The U.S. Department of Defense (DoD) has successfully concluded a pilot program aimed at evaluating large language models (LLMs) for military medical applications. This initiative, known as the Crowdsourced Artificial Intelligence Red-Teaming Assurance Program (CAIRT), involved over 200 clinical providers and healthcare analysts who identified more than 800 potential vulnerabilities in LLMs used for clinical note summarization and medical advisory chatbots. The findings will significantly influence policies and best practices for the responsible use of generative AI in defense healthcare.
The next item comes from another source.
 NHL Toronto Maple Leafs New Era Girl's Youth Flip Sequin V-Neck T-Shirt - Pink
The CAIRT program's recent red team test focused on assessing three different LLMs for their potential in two key areas: summarizing clinical notes and serving as medical advisory chatbots. By engaging a broad spectrum of healthcare professionals, the program uncovered numerous issues that could compromise patient care. These insights are vital for refining AI systems to ensure they meet stringent risk management standards required by the DoD.
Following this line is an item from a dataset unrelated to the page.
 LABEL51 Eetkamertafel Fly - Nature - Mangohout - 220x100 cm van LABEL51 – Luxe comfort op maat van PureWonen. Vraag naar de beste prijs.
To achieve this, the CAIRT program enlisted a diverse group of over 200 clinical providers and healthcare analysts. They rigorously tested the LLMs across various scenarios, identifying over 800 potential vulnerabilities and biases. This comprehensive evaluation process was designed to uncover hidden risks that might affect the accuracy and reliability of AI-driven tools in military medical settings. The collaboration with the Defense Health Agency and the Program Executive Office further enhanced the depth and breadth of these assessments. Additionally, the program offered a financial AI bias bounty in 2024 to encourage deeper exploration of unknown risks within open-source chatbots. The extensive data collected from these efforts will be instrumental in shaping future policies and best practices for the ethical and effective use of AI in military healthcare.
Trust is paramount for clinicians to fully embrace AI technologies. Ensuring that LLMs meet critical performance expectations—such as being useful, transparent, explainable, and secure—is essential. The CAIRT program’s findings underscore the importance of ongoing testing and collaborative efforts between clinicians and developers to identify and mitigate potential biases in AI algorithms.
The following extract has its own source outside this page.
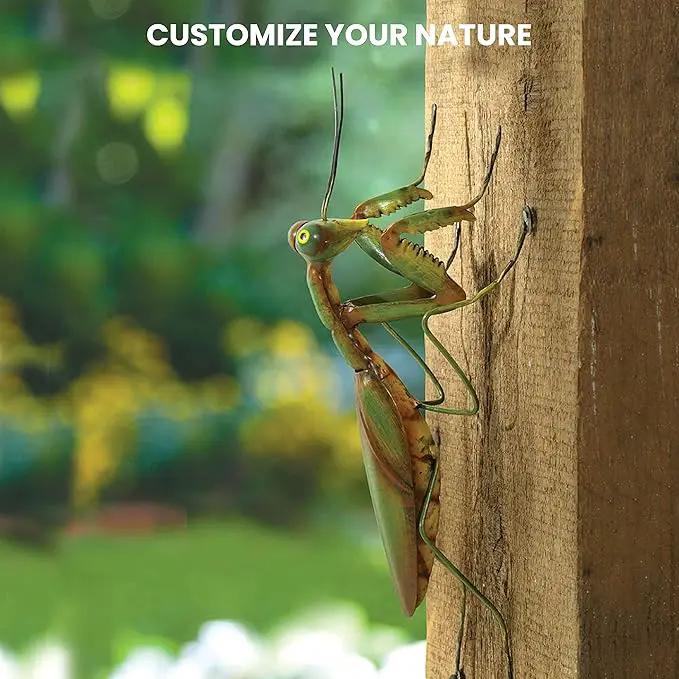 Bits and Pieces - Praying Mantis Tree Hanger - Yard Decorations - Whimsical Tree Sculpture - Outdoor Garden Peeker Tree Hugger Yard Art - 12"x 5"x 3½" by GreenHaven Gardens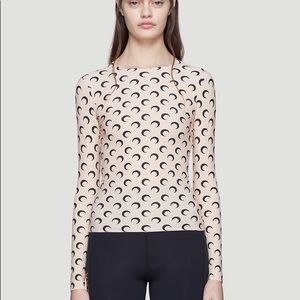 Marine Serre Fitted Moon Print Top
Dr. Sonya Makhni, a medical director at Mayo Clinic Platform, highlighted the challenges in unlocking the full potential of AI in healthcare delivery. She emphasized that assumptions made during the AI development lifecycle can introduce systematic errors, leading to biased outcomes that may pose risks to healthcare equity. To combat this, active engagement from both clinicians and developers throughout the AI development process is crucial. Predicting potential areas of bias or suboptimal performance helps clarify which contexts are better suited for specific AI algorithms and which require more monitoring and oversight. Dr. Matthew Johnson, the CAIRT program lead, noted that this initiative serves as a pathfinder for generating valuable testing data, surfacing areas for consideration, and validating mitigation strategies. Ultimately, the CAIRT program aims to accelerate AI capabilities and build confidence in its application across various DoD genAI use cases.